From the south, Bellingen’s development was driven largely by merchants of varying means to harvest and transport the area’s stands of timber, particularly cedar.

Both the Clarence and Bellingen River port facilities created entry points for settler expansion into those areas of commerce which reflect the Coffs Harbour LGAs early settlers.

As well as prompting government reservation of lands, Robertson’s 1861 Lands Act legally allowed for the private purchase of freehold land outside designated settlements.

Prohibitive pricing of £1 per acre ensured land remained unaffordable for most of the population but assisted wealthy capitalists and pastoralists gain permanent land tenure.

Several years later, adaptations to the Act meant less prosperous people were able to apply for land under conditional purchases, though it was difficult for them to meet the minimum requirements of occupancy and improvements, resulting in frequent failure.

Within the Coffs Harbour LGA the first to receive land was William Carroll of Grafton who applied on 3 October 1879 for 40 acres fronting the Orara River near Priors Road, Coramba.

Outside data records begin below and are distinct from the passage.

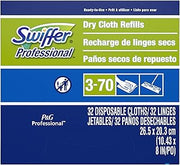 Swiffer Dry Refills, Unscented, Pack of 32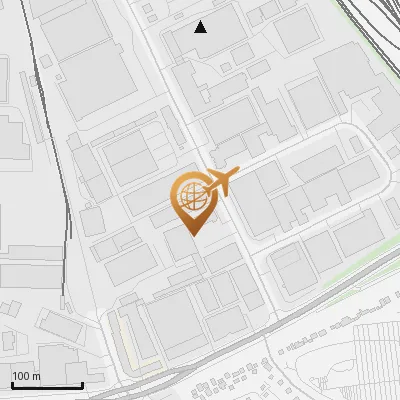 Karte Rondenbarg 7-9, 22525 Hamburg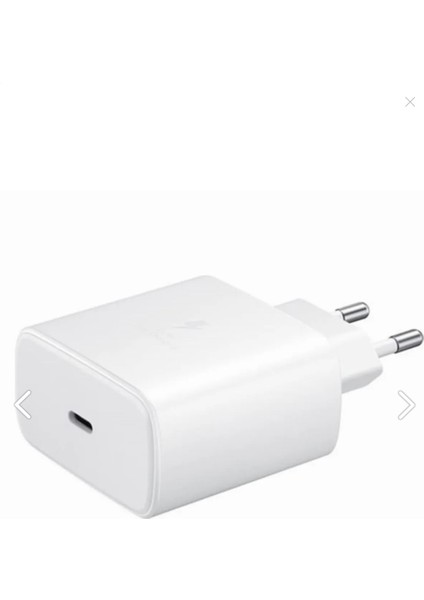 45W Şarj Adaptörü – Usb-C Pd Hızlı Şarj – Tablet ve Telefon uyumlu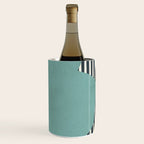 Modern abstract shape N02 Wine Chiller Gallery Image 3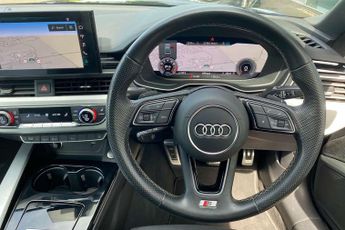 Audi A5 45 TFSI 265 Quattro S Line 2dr S Tronic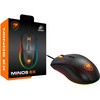 Pelė Cougar Minos EX (CGR-WOMB-MEX)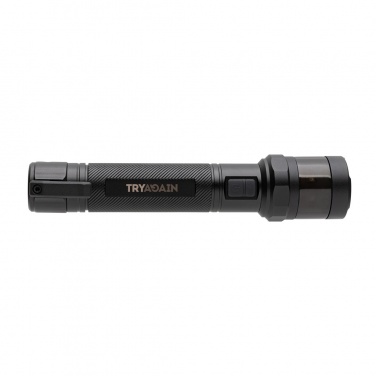 Logo trade promotional giveaway photo of: Gear X RCS recycled aluminum high performance car torch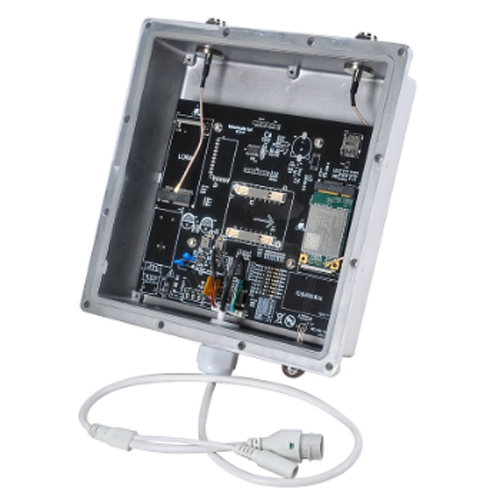 Industrial LoRaWAN Gateway 868/915/923MHz Outdoor Edge - Specimen Track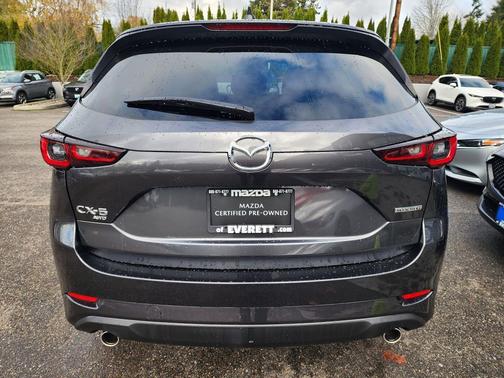 2024 Mazda CX-5 2.5 S Select Package
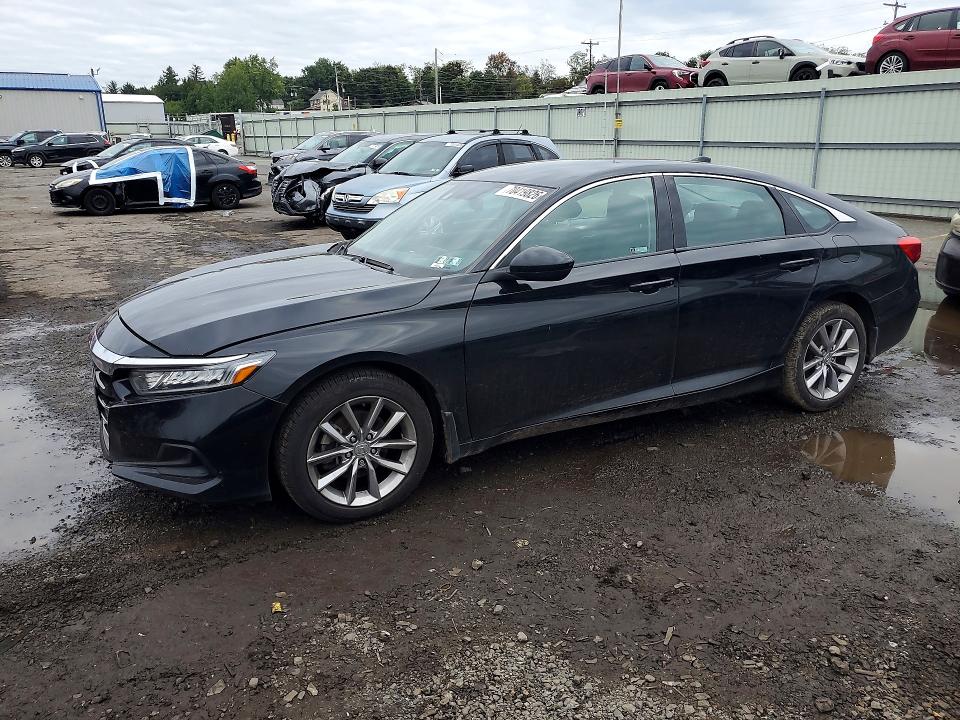 70419826 :رقم المزاد ، 1HGCV1F16MA033249 vin ، 2021 Honda Accord مزاد بيع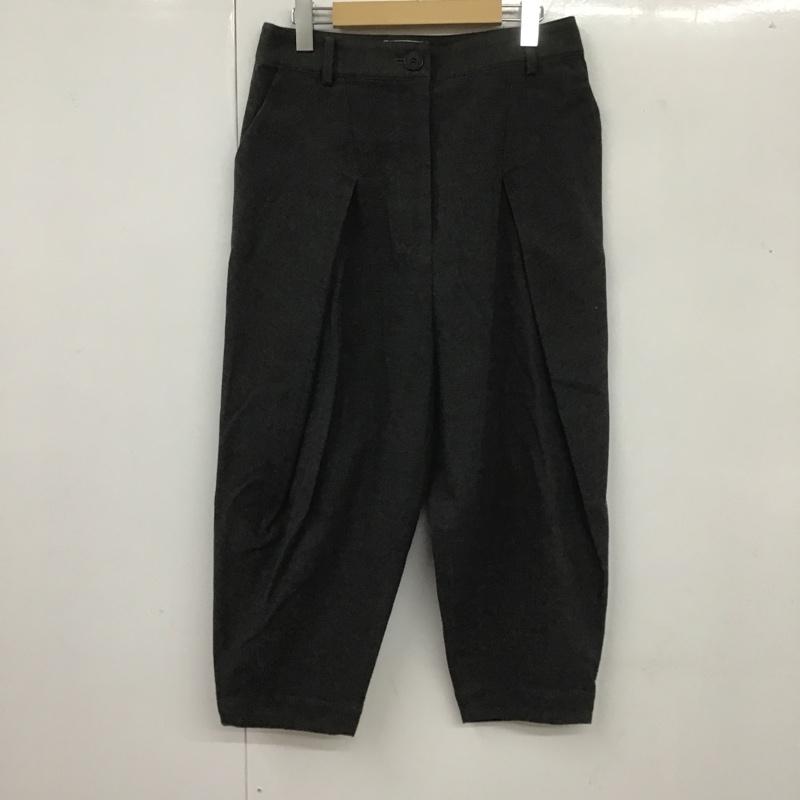 ウ゛ィウ゛ィアンウエストウッドアング Vivienne Westwood Anglomania パンツ サルエルパンツ サルエルパンツ ワイドパンツ カジュアルパンツ 40 無地 灰 / グレー /  メンズ USED 古着 中古 10105749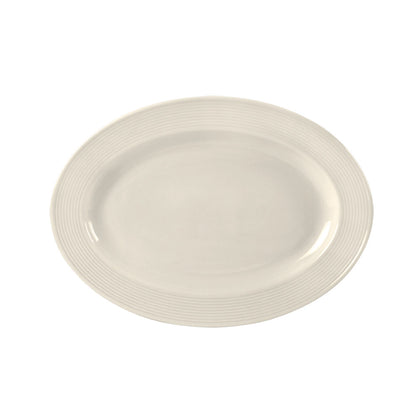 WISH Platte oval - Größe 36 x 26 cm (Fahne)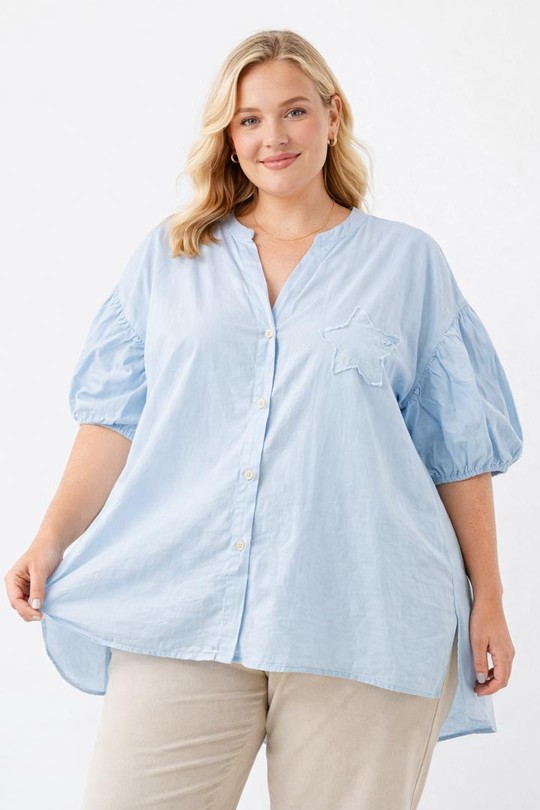 Chemises & blouses Femme Beige NEW&CO 1700C Efashion Paris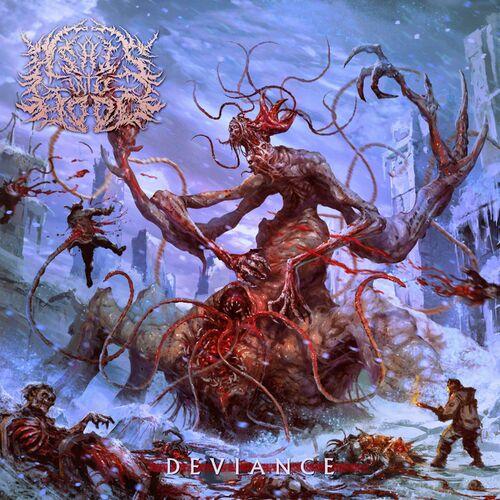 Ashes Into Blood - Deviance (2024)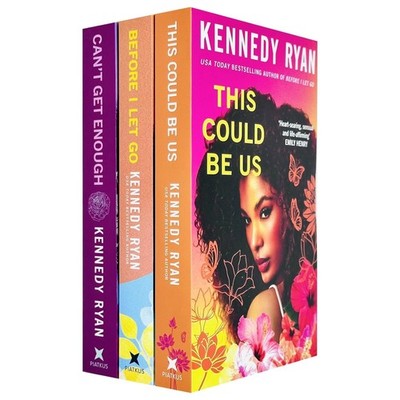 Books Set 3 Books Set Before I Let Go This Could Be Us Can t Get Enough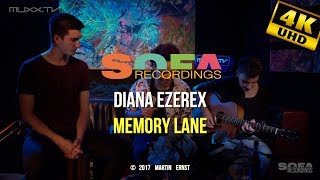 SofaRecordings Diana Ezerex  quotMEMORY LANEquot [upl. by Stanfill]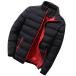 ���¹�͢���ʡ�Dgoopd Lightweight Puffer Jacket Men Winter Bomber Jacket Quilte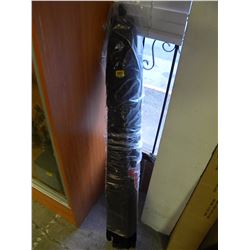 NEW BLACK COORS LIGHT PATIO UMBRELLA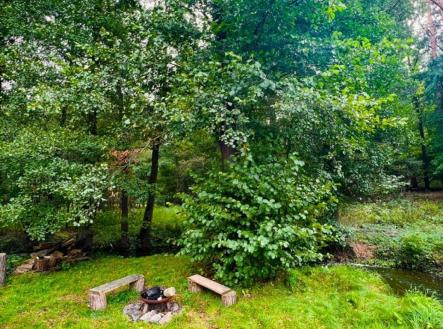 Prodej pozemku, trvalý travní porost, 1 277 m²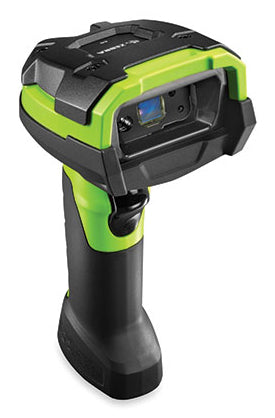 Zebra DS3608-ER Wired Industrial Scanner 1D/2D Extended Range up to 21.4m Digimarc Rugged with Vibrating Motor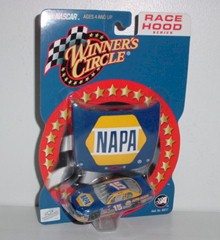 2002 Michael Waltrip 1/64th NAPA Winners Circle car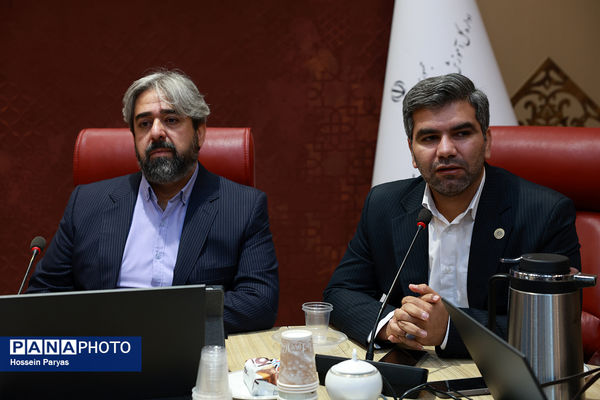 نشست صمیمی خبرنگاران پانا شهرستان‌های استان تهران با مدیرعامل خبرگزاری پانا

In the first year of his selection, he camped in a tent working as a teamster six miles away during the week and undertook improvements to the property on weekends, his longest absence away from the property being three months.

Initially, his wife and four children remained in Grafton, the two eldest children completing their education before permanently moving in with him in the latter part of 1880.

Within three years he had built a house and by 1885 had added fencing and other improvements.

However, in April 1885, he found himself under inquiry with the Land Board and having been found wanting, his land was forfeited.